# Gaggia Classic 3-Way Solenoid



## CoffeeExmoor (Mar 10, 2011)

I have had my Gaggia Classic for a couple of years and it seems to have functioned pretty well after a few initial teething problems.

However, I set about cleaning it on Friday, using Puly Caff as usual in the blanking basket. This requires me to carry out 5 brew cycles of 10 seconds, with 10 seconds between them. After each of the first 3 cycles there was the satisfying 'whoosh' of water into the drip tray but, after that, nothing at all - it all went quiet!

Since then I have had consistently wet pucks when I have drawn shots and the water pressure seems to have dropped dramatically.

Could any one advise me as to whether this means the 3-way solenoid has failed and needs replacing (and if so how) or do I have another problem?

Where would I obtain another solenoid if it does need replacing?

Thanks in advance for any assistance


----------



## Glenn (Jun 14, 2008)

It sounds like the solenoid needs cleaning or replacing.

Little bits of crud can jam it open.

*gaggiamanualservice* can supply these parts


----------



## CoffeeExmoor (Mar 10, 2011)

Thanks Glenn. Is there any source I can go to which might demonstrate clearly to a 'green bean' how to go about this task?


----------



## Callum_T (Dec 23, 2012)

Yeah I'm noticing problems like this and a lot of wet pucks from my classic, thinking its probably a duff solenoid

However when I do get a nice 30 seconds from hitting the brew switch extraction it does seem to send a nice little puff from what I assume is the solenoid doing its job.
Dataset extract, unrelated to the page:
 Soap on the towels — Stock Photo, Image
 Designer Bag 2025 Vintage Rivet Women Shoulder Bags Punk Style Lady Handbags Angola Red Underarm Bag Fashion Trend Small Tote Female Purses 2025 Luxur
Forgive me being a complete squid.


----------



## seeq (Jul 9, 2011)

It definitely sounds like the solenoid. If it went while backflushing that would suggest most likely that its got jammed. It's not a difficult job to take them apart and clean them, although I'm not sure I could explain it that easily. I'm pretty sure there is a post on this forum somewhere with instructions.


----------



## Callum_T (Dec 23, 2012)

Right last night I completely disassembled my classic and gave it a deep clean including the coils inside the solenoid bit. It's all soaked over night got ride of a lot of scale and crap like I expected I'm the third owner of my machine, I still haven't got my blank basket and puly caff to actually back flush but I can say I'm still getting wet pucks so I can only assume ill need the replace the black box bit that is £45 or best part of.

Really happy I pulled it all apart though there was a spider living on the underside of the pump! Safe to say he has been relocated


----------



## seeq (Jul 9, 2011)

It's possible it may need replacing? Have you actually pulled the solenoid apart and taken a look? If not, I finally found Mark's instructions on how to clean the solenoid

http://coffeeforums.co.uk/showwiki.php?title=How+to+check+if+the+solenoid+is +blocked


----------



## seeq (Jul 9, 2011)

Sorry, broke the link! Just take the space out


----------



## gaggiamanualservice.com (Dec 22, 2009)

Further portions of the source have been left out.